## DIRECTIONS FOR THIS TASK
Nothing but the lines below from the one containing "A modern urban" through the one containing "Lot 1190 - A" should appear in the answer, exact and without pictures.

## SUPPLIED INFORMATION
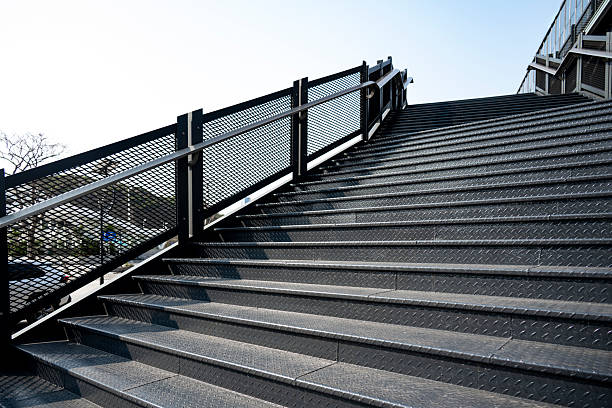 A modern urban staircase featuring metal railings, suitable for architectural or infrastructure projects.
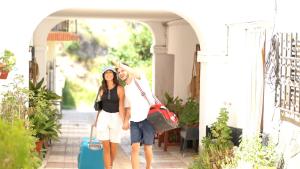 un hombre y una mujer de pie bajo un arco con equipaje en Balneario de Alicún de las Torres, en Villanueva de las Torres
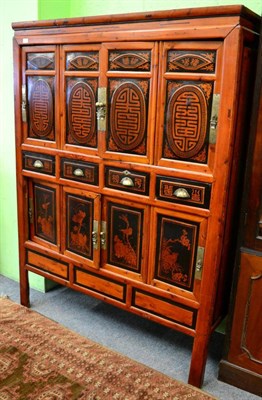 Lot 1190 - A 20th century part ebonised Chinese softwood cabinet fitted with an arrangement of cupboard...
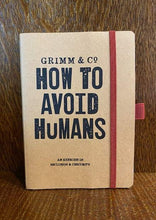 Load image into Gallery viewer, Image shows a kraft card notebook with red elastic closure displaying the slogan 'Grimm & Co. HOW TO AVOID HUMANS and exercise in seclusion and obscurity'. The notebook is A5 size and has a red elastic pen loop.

---

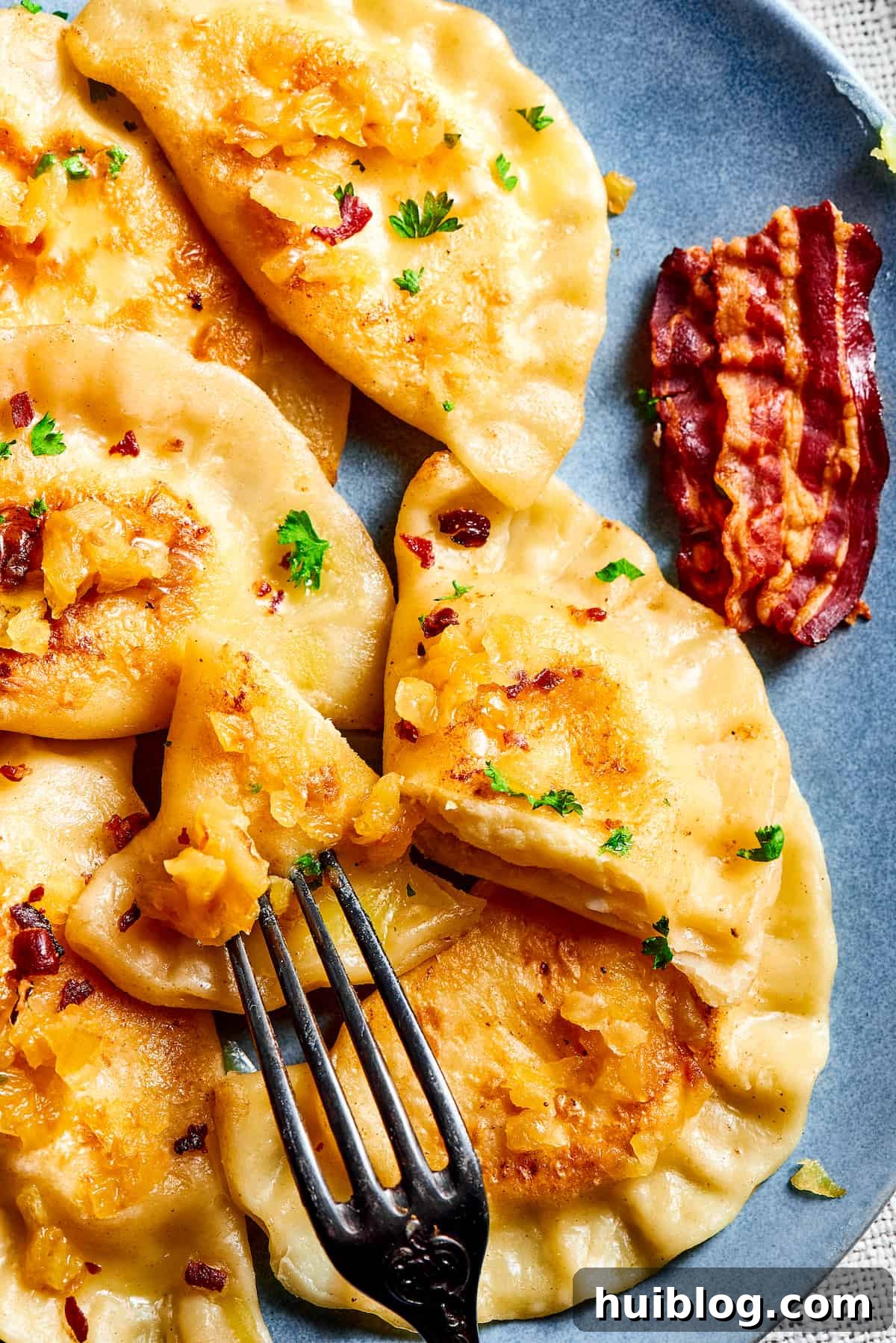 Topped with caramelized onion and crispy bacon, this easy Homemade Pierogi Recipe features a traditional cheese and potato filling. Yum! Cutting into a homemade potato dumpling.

## EXPECTED ANSWER
 A modern urban staircase featuring metal railings, suitable for architectural or infrastructure projects.
 un hombre y una mujer de pie bajo un arco con equipaje en Balneario de Alicún de las Torres, en Villanueva de las Torres
 Lot 1190 - A 20th century part ebonised Chinese softwood cabinet fitted with an arrangement of cupboard...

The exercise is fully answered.